Abstract

Self-Preserving Genetic Algorithms (SPGA) combine the evolutionary strategy of a genetic algorithm with safety assurance methods commonly implemented in safe reinforcement learning (SRL), a branch of reinforcement learning (RL) that accounts for safety in the exploration and decision-making process of the agent. Safe learning approaches are especially important in safety-critical environments, where failure to account for the safety of the controlled system could result in the loss of millions of dollars in hardware or bodily harm to people working nearby, as is true of many cyber-physical systems.
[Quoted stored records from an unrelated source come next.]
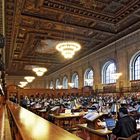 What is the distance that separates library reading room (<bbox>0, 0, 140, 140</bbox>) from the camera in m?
5.49

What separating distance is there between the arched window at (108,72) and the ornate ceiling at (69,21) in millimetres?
1732

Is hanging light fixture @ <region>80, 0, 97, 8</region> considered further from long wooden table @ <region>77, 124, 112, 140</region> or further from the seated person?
the seated person

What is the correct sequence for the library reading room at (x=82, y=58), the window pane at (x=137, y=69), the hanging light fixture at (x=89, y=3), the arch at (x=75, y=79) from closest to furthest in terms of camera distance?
the library reading room at (x=82, y=58) → the hanging light fixture at (x=89, y=3) → the window pane at (x=137, y=69) → the arch at (x=75, y=79)

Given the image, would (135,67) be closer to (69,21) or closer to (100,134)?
(69,21)

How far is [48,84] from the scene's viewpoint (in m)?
36.2

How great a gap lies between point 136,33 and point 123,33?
874 mm

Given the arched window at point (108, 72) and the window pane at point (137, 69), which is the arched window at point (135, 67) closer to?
the window pane at point (137, 69)

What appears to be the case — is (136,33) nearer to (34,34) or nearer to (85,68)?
(34,34)

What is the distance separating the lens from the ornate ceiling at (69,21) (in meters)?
9.91

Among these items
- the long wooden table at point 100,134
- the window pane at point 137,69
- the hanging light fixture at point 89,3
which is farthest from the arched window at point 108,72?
the long wooden table at point 100,134

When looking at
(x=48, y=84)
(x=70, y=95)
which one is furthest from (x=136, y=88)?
(x=48, y=84)

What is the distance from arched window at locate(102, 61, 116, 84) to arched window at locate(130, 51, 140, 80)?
230cm

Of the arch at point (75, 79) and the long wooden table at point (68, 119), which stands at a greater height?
the arch at point (75, 79)

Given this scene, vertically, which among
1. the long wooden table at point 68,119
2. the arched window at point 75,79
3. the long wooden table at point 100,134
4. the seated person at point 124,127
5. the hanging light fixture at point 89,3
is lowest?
the long wooden table at point 68,119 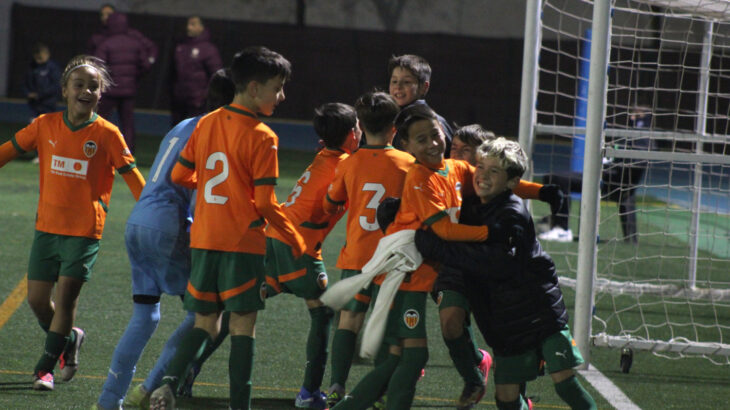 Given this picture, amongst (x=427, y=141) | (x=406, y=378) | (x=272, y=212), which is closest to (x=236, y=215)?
(x=272, y=212)

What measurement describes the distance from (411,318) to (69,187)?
172 cm

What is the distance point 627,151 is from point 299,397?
93.2 inches

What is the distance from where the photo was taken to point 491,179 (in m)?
3.75

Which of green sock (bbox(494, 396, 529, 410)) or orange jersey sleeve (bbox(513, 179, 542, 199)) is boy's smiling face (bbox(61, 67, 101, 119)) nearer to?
orange jersey sleeve (bbox(513, 179, 542, 199))

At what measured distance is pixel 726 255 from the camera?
10344mm

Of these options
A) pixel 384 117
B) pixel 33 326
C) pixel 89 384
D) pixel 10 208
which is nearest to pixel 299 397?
pixel 89 384

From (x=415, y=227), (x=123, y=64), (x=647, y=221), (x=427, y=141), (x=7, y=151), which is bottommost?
(x=647, y=221)

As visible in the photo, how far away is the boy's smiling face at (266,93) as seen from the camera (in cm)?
376

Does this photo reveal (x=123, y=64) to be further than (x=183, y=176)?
Yes

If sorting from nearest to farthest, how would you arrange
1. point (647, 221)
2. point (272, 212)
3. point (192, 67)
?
point (272, 212) < point (647, 221) < point (192, 67)

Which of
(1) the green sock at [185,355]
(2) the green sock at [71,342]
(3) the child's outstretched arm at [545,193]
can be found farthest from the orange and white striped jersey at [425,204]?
(2) the green sock at [71,342]

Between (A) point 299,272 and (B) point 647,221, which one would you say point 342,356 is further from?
(B) point 647,221

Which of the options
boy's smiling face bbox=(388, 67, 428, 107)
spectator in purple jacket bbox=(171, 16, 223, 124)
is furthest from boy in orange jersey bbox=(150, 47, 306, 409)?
spectator in purple jacket bbox=(171, 16, 223, 124)

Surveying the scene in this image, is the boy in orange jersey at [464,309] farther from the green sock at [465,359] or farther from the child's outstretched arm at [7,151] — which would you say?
the child's outstretched arm at [7,151] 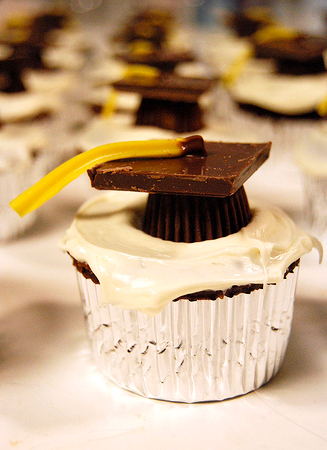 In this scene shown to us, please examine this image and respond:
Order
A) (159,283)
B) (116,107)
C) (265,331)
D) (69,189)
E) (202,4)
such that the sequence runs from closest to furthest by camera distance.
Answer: (159,283) → (265,331) → (69,189) → (116,107) → (202,4)

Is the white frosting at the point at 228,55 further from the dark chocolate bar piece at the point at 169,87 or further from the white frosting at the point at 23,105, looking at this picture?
the white frosting at the point at 23,105

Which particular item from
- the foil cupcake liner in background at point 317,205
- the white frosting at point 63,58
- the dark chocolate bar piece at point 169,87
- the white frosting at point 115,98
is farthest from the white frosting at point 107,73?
the foil cupcake liner in background at point 317,205

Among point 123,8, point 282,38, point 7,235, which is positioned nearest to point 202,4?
point 123,8

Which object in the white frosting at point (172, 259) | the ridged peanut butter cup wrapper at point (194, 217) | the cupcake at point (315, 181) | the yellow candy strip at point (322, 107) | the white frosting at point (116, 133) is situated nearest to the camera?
the white frosting at point (172, 259)

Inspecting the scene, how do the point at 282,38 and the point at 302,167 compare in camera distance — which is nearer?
the point at 302,167

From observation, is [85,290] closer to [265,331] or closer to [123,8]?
[265,331]

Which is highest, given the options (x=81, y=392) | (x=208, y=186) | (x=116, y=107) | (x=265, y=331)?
(x=208, y=186)

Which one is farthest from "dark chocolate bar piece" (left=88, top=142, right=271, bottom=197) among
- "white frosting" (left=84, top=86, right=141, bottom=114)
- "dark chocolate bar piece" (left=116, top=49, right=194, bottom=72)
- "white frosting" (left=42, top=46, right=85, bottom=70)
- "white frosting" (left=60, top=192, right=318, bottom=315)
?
"white frosting" (left=42, top=46, right=85, bottom=70) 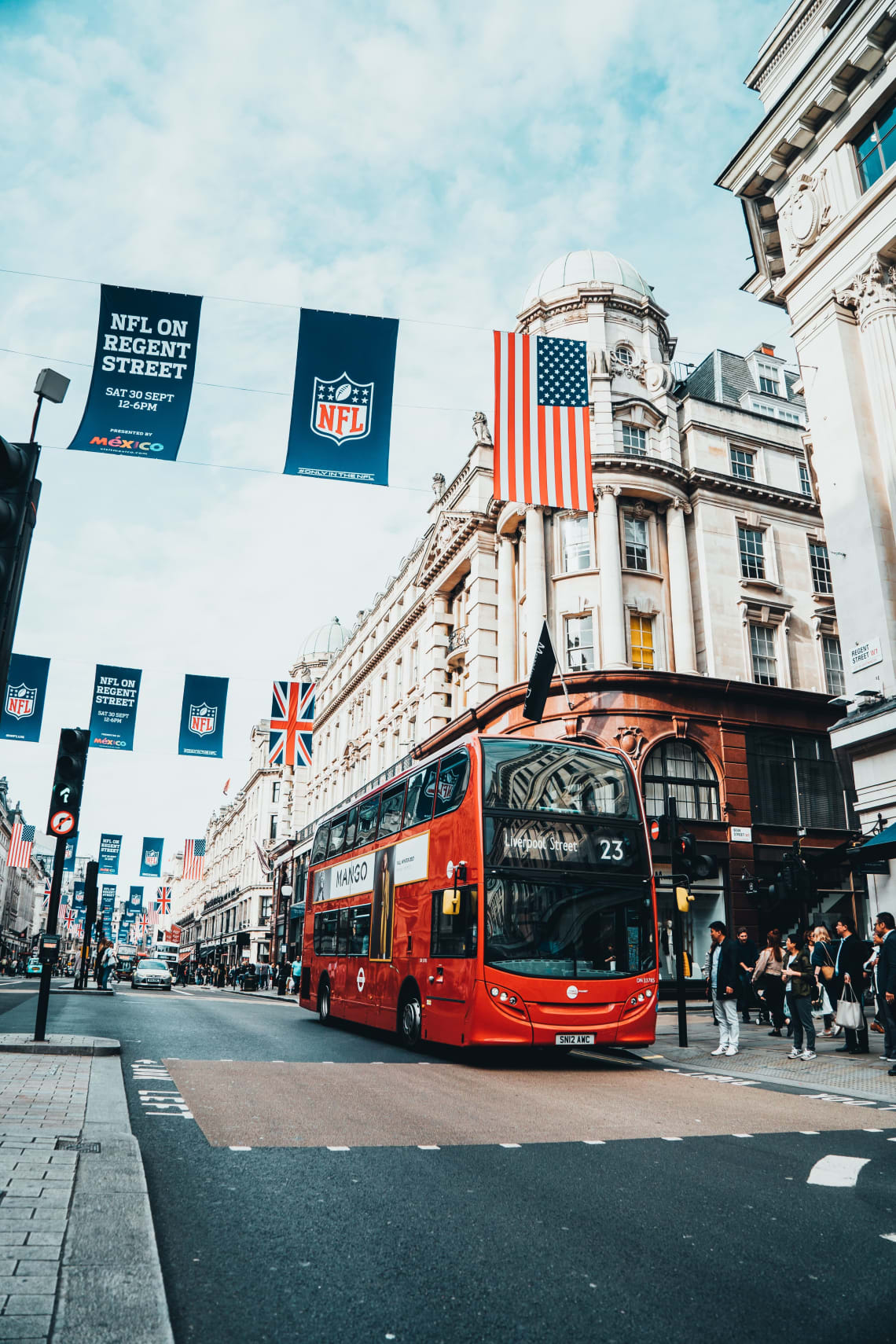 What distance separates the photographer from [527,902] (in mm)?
12242

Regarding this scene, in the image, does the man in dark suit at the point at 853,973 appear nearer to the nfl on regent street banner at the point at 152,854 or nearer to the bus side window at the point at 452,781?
the bus side window at the point at 452,781

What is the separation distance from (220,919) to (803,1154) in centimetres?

While SRL is a viable approach to safe learning, there are many challenges that must be taken into consideration when training agents, such as sample efficiency, stability, and exploration---an issue that is easily addressed by the evolutionary strategy of a genetic algorithm. By combining GAs with the safety mechanisms used with SRL, SPGA offers a safe learning alternative that is able to explore large areas of the solution space, addressing SRL's challenge of exploration. This work implements SPGA with both action masking and run time assurance safety strategies to evolve safe controllers for three types of discrete action space environments applicable to cyber physical systems (control, routing, and operations) and under various safety conditions. Training and testing evaluation metrics are compared with results from SRL trained controllers to validate results. SPGA and SRL controllers are trained across 5 random seeds and evaluated on 500 episodes to calculate average wall time to train, average expected return, and percentage of safe action evaluation metrics. SPGA achieves comparable reward and safety performance results with significantly improved training efficiency (55x faster on average), demonstrating the effectiveness of this safe learning approach.